The past year or so of my life has gone by fairly undocumented so let's start with a story that marks the beginning of the end.

We met, intentions were purely carnal and extremely unattached (me, coming from a laborious and exhausting 2 year long fiasco of a relationship or whatever you'd like to call it, this was only appropriate). It was the newness that attracted me. I loved it, I basked in it. It was new and it was amazing and I could care less about it. Then we evolved and he snowballed into my beautiful surprise. There were feelings exchanged, fun times shared, bodies explored, memories made. We were inseperable and we belonged to each other. That still moment in time where we were perfectly engulfed in the newness and amazingness of each other quickly dissolved. And we allowed the others to invade our secure fortress. There were first the girls and then I brought in the boys and we all lived together in a pink and green house with small windows and doors but we were so squished in the tiny pink and green house that some of us had to go. I suppose that was my cue to exit stage left and take my dirty boys with me. And then the newness stopped. And my perfect lover became perfectly over me and that, for some odd reason, was perfectly fine.

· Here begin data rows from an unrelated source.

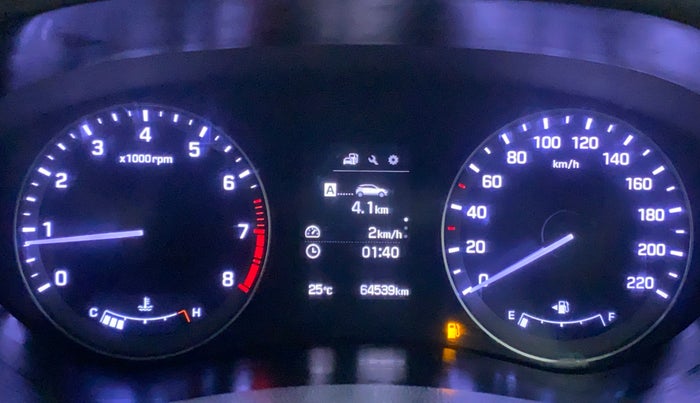 2014 Hyundai Elite i20 ASTA 1.2, Petrol, Manual, 65,307 km, Odometer Image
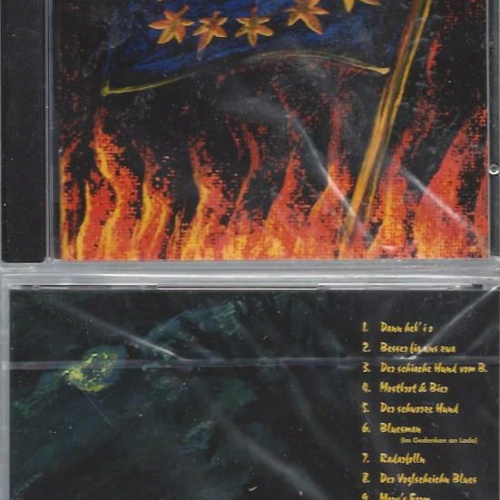 CD--Black Dog //  E-Untauglich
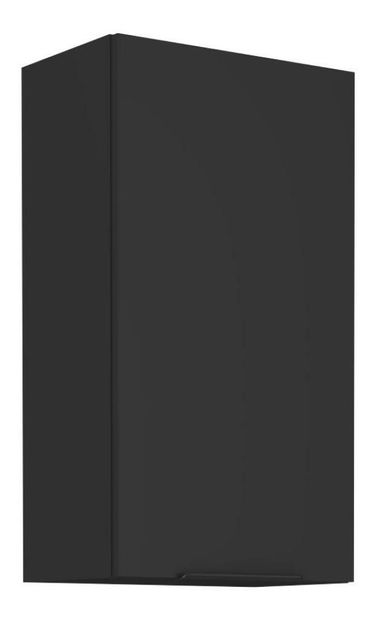 Dulap de bucătărie superior Sobera 50 G 90 1F (negru)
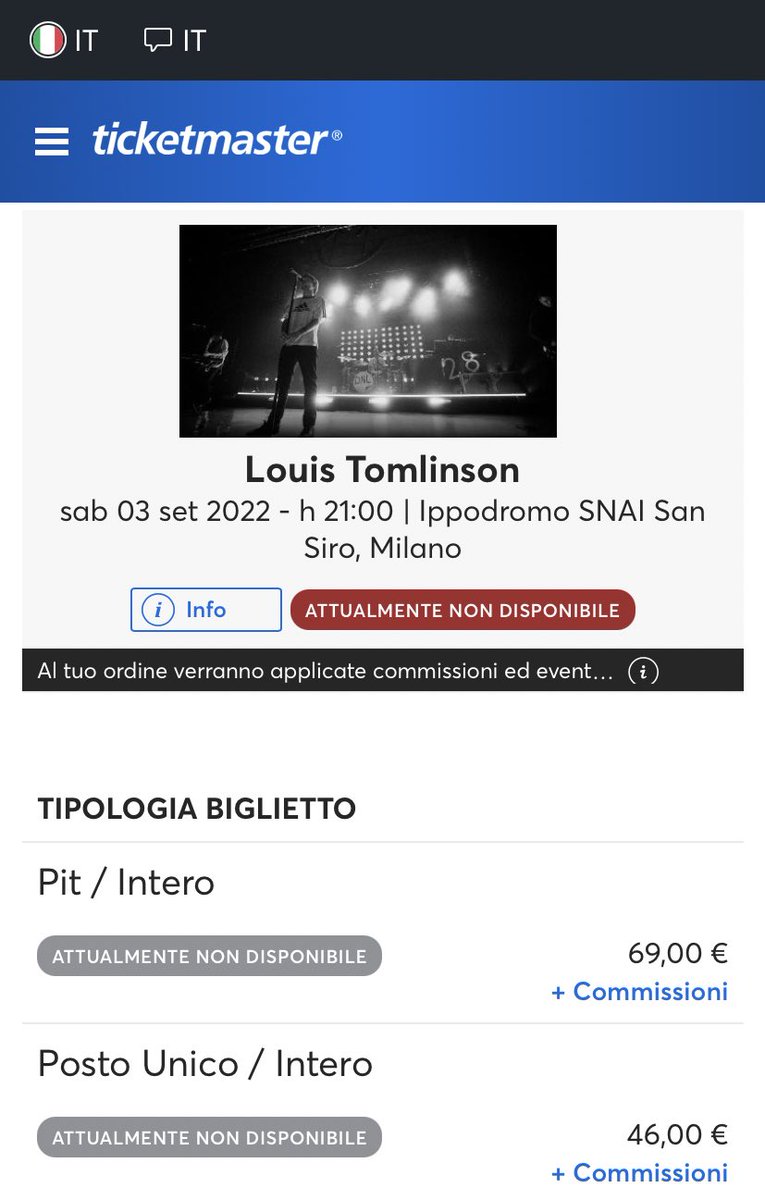 LouisPromoSquad's tweet image. Let us know if you know of anyone who’s just sold out a 20.000 capacity show in Milan, @Louis_Tomlinson !!! 🤭

This is gonna be MASSIVE ! 🙌🥳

Of course I cried, quite possibly for the sake of crying, quite possibly for the added drama. It would be far too simple to let your old thing that was once new walk away without a tearful goodbye.

I shouldn't have slept over the first night, I shouldn't have answered the calls, I should have been more guarded, I shouldn't have shown my weakness, I shouldn't have allowed him to lie to me and tell me that he was going to take care of me. I shouldn't have slept over the first night, I shouldn't have cared. But I did, and I do love him and I won't stop tonight or tomorrow, maybe in a month or two or seven. I don't drink juice for a reason.

And then I found myself back in the arms of him. Allowing him to wipe every tear that has nothing to do with him and touch every part of a body that does not belong to him (never again). That's what I like to tell myself, but I often doubt the validity of that argument. I am his and he knows it. My seasonal lover greets me this time riding in on a ray of sunshine. Welcome back, it has been a cold winter and we welcome your summertime love.